Em Two Dogs, Simic escreve sobre como um cachorro em “alguma cidade do sul” e outro na floresta de New Hampshire o fez lembrar de um “cachorrinho branco” que ficou “emaranhado” nos pés de soldados alemães em marcha. Lendo a História é um esboço dos céus “vastos, escuros e impenetráveis” para aqueles “conduzidos à morte”. Em Precisa-se de Ajuda, a vida é uma piada cósmica e o narrador, um ingênuo voluntário:
“Eles pediram uma faca
eu venho correndo
Eles precisam de um cordeiro
Eu me apresento como o cordeiro”
“Eu não escrevo poemas para ilustrar alguma ideia filosófica. Eles geralmente têm raízes em alguma experiência que eu tive, algo que vi ou imaginei, mas, o que quer que seja, é mudado durante o processo de escrita”, disse ele em entrevista ao Estadão, em 2021. “Em outras palavras, posso começar o poema pensando que vai ser sobre meu avô que eu amo muito e depois de muitas revisões acaba sendo sobre seu cachorro porque estou mais interessado em fazer um bom poema que as pessoas queiram ler do que ser fiel a alguma ideia que inicialmente tive em minha mente.”

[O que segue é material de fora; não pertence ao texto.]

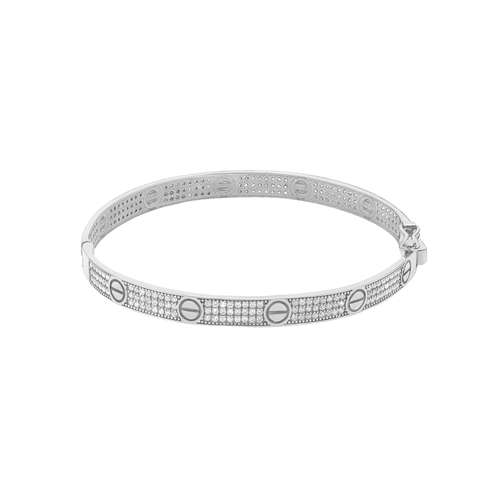 دستبند النگویی طلا 18 عیار زنانه ماوی گالری مدل کارتیه لاو تمام نگین صدف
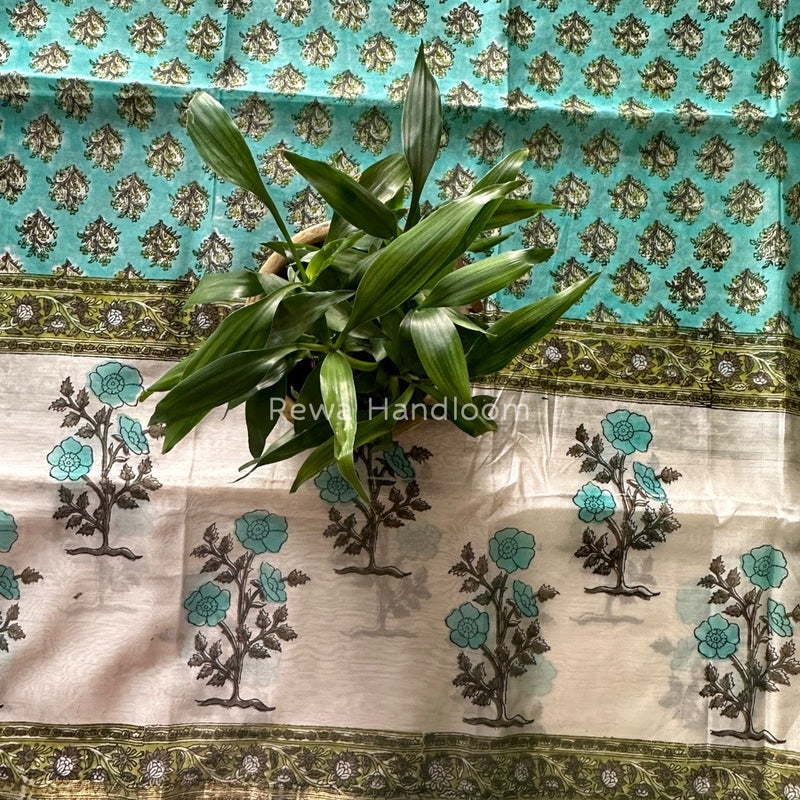 Maheshwari Sea Green Hand Block Printed Dupatta HD09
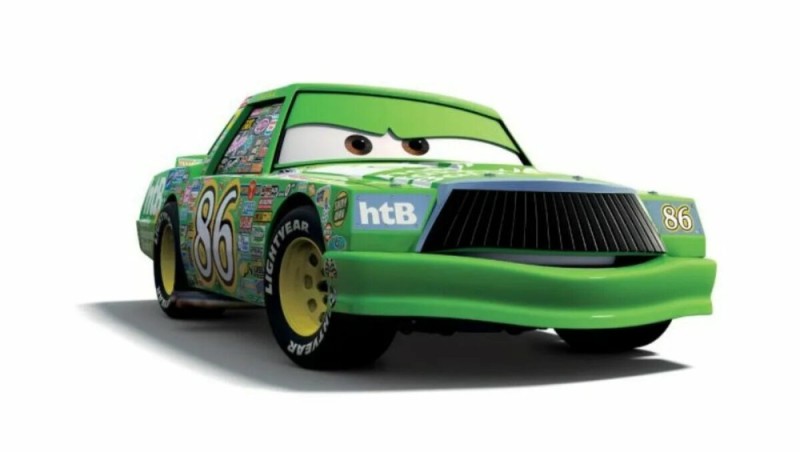 Create meme: cars 1 chick Hicks, green car from wheelbarrows, cars Chico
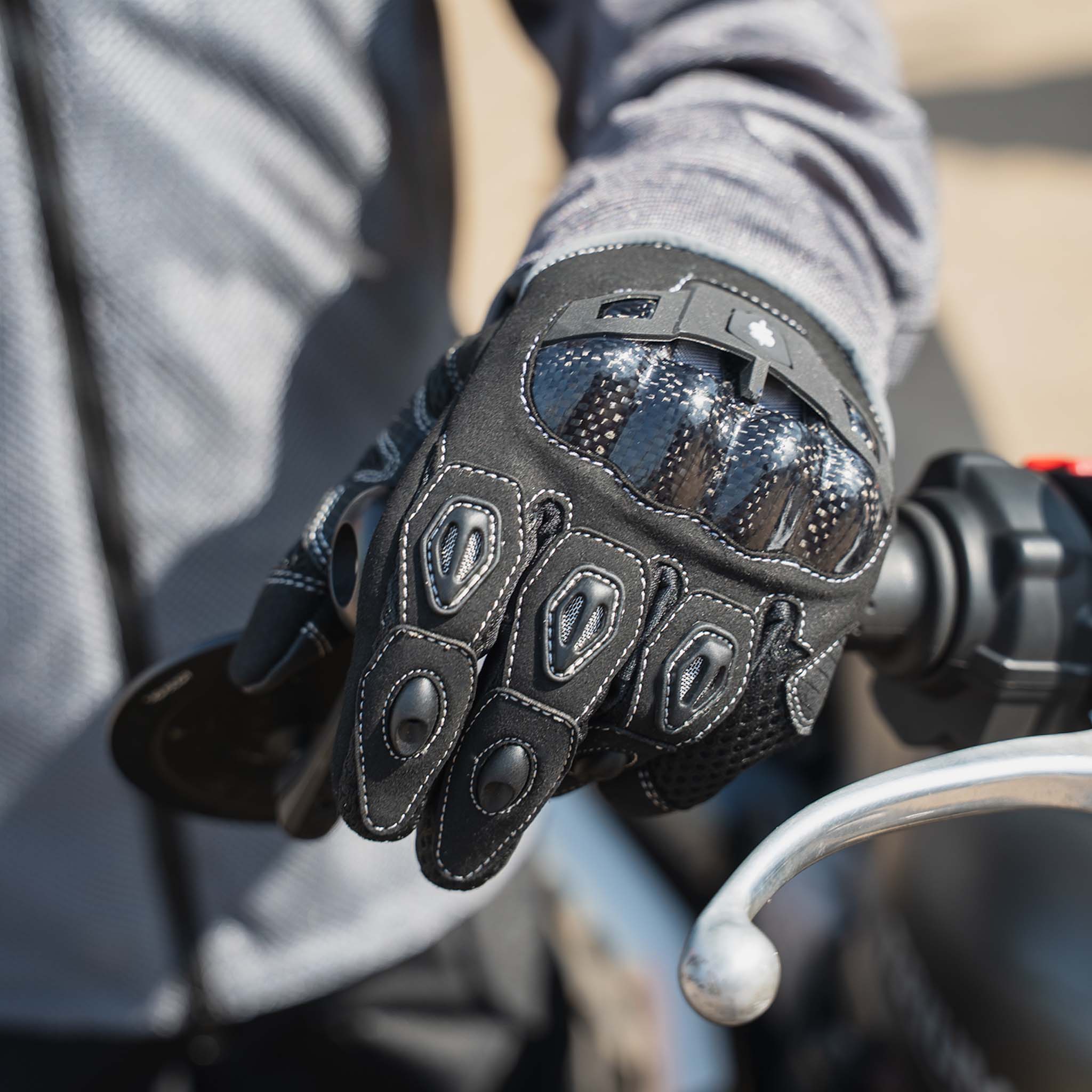 MX-Air Rev.2 Black Textile Motorcycle Gloves - Image 3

Em 2005, Simic recebeu o Prêmio Griffin de Poesia e foi elogiado pelos juízes como “um mágico, um ilusionista”, mestre de “uma precisão inexpressiva e desarmante, que nunca deve ser confundida com simplicidade”. Ele era fluente em vários idiomas e traduziu as obras de outros poetas do francês, sérvio, croata, macedônio e esloveno.
Nascido Dusan Simic em Belgrado em 1938, um ano antes do início da Segunda Guerra Mundial, ele descreveria sua juventude como “uma pequena parte sem fala / Em um épico sangrento”. Seu pai fugiu para a Itália em 1942 e ficou longe da família por anos. O lar era tão opressivo que Simic passou a ver a guerra como uma fuga necessária.
“A guerra terminou um dia antes de 9 de maio de 1945 que, por acaso, era meu aniversário”, disse ele à Paris Review, em 2005. “Eu estava brincando na rua. Subi ao apartamento para beber água onde minha mãe e nossos vizinhos estavam ouvindo rádio. Eles disseram, ‘A guerra acabou’, e aparentemente eu olhei para eles intrigado e disse, ‘Agora não haverá mais diversão!’ Em tempo de guerra, não há supervisão dos pais; os adultos estão tão ocupados com suas vidas que as crianças podem correr livremente.”
Simic se referia a Hitler e Stalin como seus “agentes de viagens”. O domínio nazista deu lugar à opressão apoiada pelos soviéticos e Simic emigrou para a França com sua mãe e irmão em meados da década de 1950, e logo para os Estados Unidos.
Sua família se estabeleceu em Chicago, onde seu colégio foi frequentado por Ernest Hemingway, e ele se tornou interessado em poesia – pela arte e pelas meninas. Com seus pais incapazes de pagar a faculdade, ele passou uma década trabalhando em empregos que variavam de funcionário da folha de pagamento a pintor de paredes, enquanto fazia aulas noturnas na Universidade de Chicago e, posteriormente, na Universidade de Nova York, onde se formou em 1966 com um diploma em estudos russos.
Seu primeiro livro, What the Grass Says, foi lançado em 1967. A ele, seguiu com Somewhere Among Us a Stone is Taking Notes e Dismantling the Silence, e logo estava com uma média de um livro por ano. Uma crítica do New York Times, em 1978, notaria seu dom de transmitir “um complexo de percepções e sentimentos” em apenas algumas linhas.
“De todas as coisas já ditas sobre poesia, o axioma de que ‘menos é mais’ causou a maior e mais duradoura impressão em mim”, disse Simic à revista Granta em 2013. “Escrevi muitos poemas curtos em minha vida, exceto ‘escrito’ não é a palavra certa para descrever como eles surgiram. Como não é possível sentar e escrever um poema de oito linhas que seja vasto para seu tamanho, esses poemas são montados durante um longo período de tempo a partir de palavras e imagens flutuando em minha cabeça.”